Within the data that follows, set down exactly the lines from the one containing "spinach artichoke dip" through the one containing "istock Santa Monica", both ends included.

---- INPUT DATA

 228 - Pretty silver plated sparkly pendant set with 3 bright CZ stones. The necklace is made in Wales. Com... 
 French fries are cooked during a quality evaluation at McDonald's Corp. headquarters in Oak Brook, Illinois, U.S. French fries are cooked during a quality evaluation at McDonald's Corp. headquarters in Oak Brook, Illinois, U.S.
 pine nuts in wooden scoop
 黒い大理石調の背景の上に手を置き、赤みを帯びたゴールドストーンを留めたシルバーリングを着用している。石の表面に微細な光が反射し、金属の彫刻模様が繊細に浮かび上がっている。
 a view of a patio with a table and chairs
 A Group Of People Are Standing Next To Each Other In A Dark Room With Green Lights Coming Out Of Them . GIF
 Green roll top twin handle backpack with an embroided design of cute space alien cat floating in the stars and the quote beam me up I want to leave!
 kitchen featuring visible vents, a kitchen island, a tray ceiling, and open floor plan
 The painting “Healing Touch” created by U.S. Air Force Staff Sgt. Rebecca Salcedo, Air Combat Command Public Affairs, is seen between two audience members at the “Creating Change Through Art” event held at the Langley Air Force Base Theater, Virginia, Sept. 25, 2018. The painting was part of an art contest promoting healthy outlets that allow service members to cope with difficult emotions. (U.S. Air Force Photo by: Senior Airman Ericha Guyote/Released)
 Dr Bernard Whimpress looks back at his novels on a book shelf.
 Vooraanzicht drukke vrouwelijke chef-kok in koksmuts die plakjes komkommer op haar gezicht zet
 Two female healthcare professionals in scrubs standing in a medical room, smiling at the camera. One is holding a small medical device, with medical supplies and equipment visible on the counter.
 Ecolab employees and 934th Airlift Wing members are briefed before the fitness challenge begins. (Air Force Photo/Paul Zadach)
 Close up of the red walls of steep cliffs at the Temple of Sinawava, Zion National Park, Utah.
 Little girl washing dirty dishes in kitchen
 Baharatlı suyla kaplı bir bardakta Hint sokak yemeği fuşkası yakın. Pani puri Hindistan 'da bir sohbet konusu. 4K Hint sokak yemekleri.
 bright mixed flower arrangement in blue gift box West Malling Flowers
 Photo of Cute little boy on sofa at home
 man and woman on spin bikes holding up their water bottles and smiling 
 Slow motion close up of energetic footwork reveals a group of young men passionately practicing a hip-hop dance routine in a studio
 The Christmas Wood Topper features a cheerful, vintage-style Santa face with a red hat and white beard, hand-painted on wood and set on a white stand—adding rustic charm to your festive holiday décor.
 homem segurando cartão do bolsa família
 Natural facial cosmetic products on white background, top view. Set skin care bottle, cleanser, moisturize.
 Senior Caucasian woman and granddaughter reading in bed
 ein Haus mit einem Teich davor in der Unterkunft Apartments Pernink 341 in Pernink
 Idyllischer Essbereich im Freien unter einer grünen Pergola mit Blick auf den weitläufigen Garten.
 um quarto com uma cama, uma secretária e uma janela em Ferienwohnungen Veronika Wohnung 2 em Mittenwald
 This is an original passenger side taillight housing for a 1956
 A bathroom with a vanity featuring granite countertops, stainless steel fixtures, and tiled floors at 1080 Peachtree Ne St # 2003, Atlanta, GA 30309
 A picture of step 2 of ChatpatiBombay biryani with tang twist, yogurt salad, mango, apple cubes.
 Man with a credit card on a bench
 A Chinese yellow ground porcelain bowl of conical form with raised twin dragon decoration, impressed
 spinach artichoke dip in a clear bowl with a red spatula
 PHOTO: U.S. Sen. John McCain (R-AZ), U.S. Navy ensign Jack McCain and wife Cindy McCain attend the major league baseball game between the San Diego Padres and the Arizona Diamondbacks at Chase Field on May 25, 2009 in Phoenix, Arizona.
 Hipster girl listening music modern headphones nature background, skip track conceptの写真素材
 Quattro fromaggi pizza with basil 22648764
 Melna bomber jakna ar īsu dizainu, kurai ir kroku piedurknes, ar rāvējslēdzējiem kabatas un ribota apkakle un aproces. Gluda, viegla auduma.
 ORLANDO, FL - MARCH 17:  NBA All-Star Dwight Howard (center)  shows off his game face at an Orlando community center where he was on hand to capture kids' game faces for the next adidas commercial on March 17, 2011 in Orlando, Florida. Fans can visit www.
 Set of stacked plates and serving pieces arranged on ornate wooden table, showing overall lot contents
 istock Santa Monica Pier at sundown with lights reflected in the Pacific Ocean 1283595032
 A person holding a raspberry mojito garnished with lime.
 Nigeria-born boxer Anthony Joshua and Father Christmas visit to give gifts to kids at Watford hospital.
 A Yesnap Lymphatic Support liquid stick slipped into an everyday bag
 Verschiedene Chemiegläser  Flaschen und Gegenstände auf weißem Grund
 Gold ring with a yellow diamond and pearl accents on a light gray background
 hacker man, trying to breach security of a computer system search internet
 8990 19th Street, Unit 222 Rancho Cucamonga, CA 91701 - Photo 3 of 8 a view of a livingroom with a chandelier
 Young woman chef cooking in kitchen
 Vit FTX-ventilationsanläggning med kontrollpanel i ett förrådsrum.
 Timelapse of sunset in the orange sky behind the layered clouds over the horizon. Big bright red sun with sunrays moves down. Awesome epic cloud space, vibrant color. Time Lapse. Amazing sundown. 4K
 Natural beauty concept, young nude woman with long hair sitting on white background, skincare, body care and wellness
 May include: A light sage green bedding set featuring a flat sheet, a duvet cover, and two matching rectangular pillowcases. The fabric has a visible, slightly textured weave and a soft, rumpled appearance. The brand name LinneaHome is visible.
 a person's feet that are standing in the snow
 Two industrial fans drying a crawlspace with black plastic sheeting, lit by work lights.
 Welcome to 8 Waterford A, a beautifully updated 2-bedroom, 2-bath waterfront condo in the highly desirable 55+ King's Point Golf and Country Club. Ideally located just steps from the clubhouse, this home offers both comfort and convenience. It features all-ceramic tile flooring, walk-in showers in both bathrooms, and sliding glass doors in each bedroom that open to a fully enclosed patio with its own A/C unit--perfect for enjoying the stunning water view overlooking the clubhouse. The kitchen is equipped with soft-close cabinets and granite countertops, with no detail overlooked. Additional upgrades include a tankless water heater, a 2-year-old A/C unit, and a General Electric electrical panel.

--------

**EXERCISE RESPONSE:**
 spinach artichoke dip in a clear bowl with a red spatula
 PHOTO: U.S. Sen. John McCain (R-AZ), U.S. Navy ensign Jack McCain and wife Cindy McCain attend the major league baseball game between the San Diego Padres and the Arizona Diamondbacks at Chase Field on May 25, 2009 in Phoenix, Arizona.
 Hipster girl listening music modern headphones nature background, skip track conceptの写真素材
 Quattro fromaggi pizza with basil 22648764
 Melna bomber jakna ar īsu dizainu, kurai ir kroku piedurknes, ar rāvējslēdzējiem kabatas un ribota apkakle un aproces. Gluda, viegla auduma.
 ORLANDO, FL - MARCH 17:  NBA All-Star Dwight Howard (center)  shows off his game face at an Orlando community center where he was on hand to capture kids' game faces for the next adidas commercial on March 17, 2011 in Orlando, Florida. Fans can visit www.
 Set of stacked plates and serving pieces arranged on ornate wooden table, showing overall lot contents
 istock Santa Monica Pier at sundown with lights reflected in the Pacific Ocean 1283595032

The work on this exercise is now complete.